*WORK TO BE COMPLETED*.
Print the whole listing again exactly, keeping no pictures in it.

AVAILABLE DATA section start

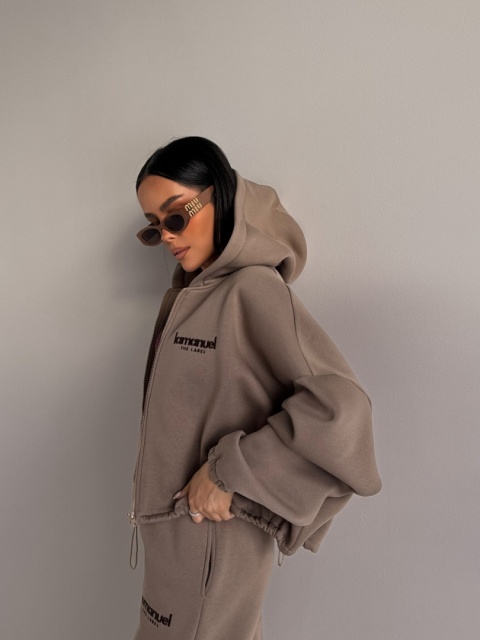 Dres CREAMY beż bluza i spodnie La Manuel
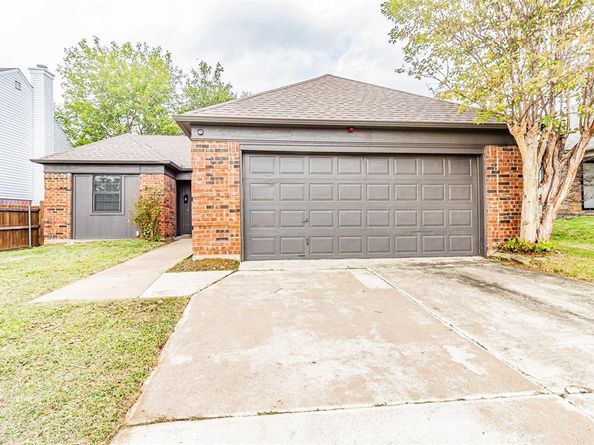 4637  Feathercrest Drive , Fort Worth Texas 76137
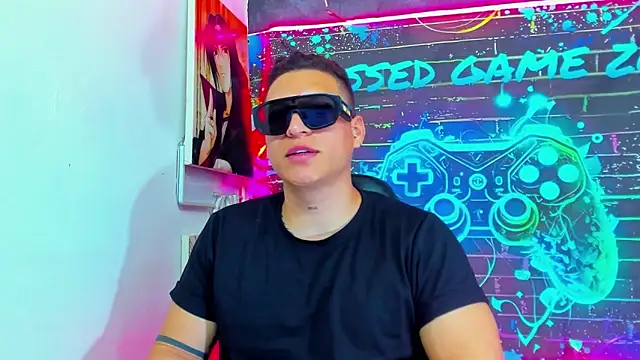 Snapshot of lucassimone_ chatting on June 3, 2:33 pm lucassimone online show from June 3, 2:33 pm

AVAILABLE DATA section end

*RESPONSE BELOW*.
 Dres CREAMY beż bluza i spodnie La Manuel
 4637  Feathercrest Drive , Fort Worth Texas 76137
 Snapshot of lucassimone_ chatting on June 3, 2:33 pm lucassimone online show from June 3, 2:33 pm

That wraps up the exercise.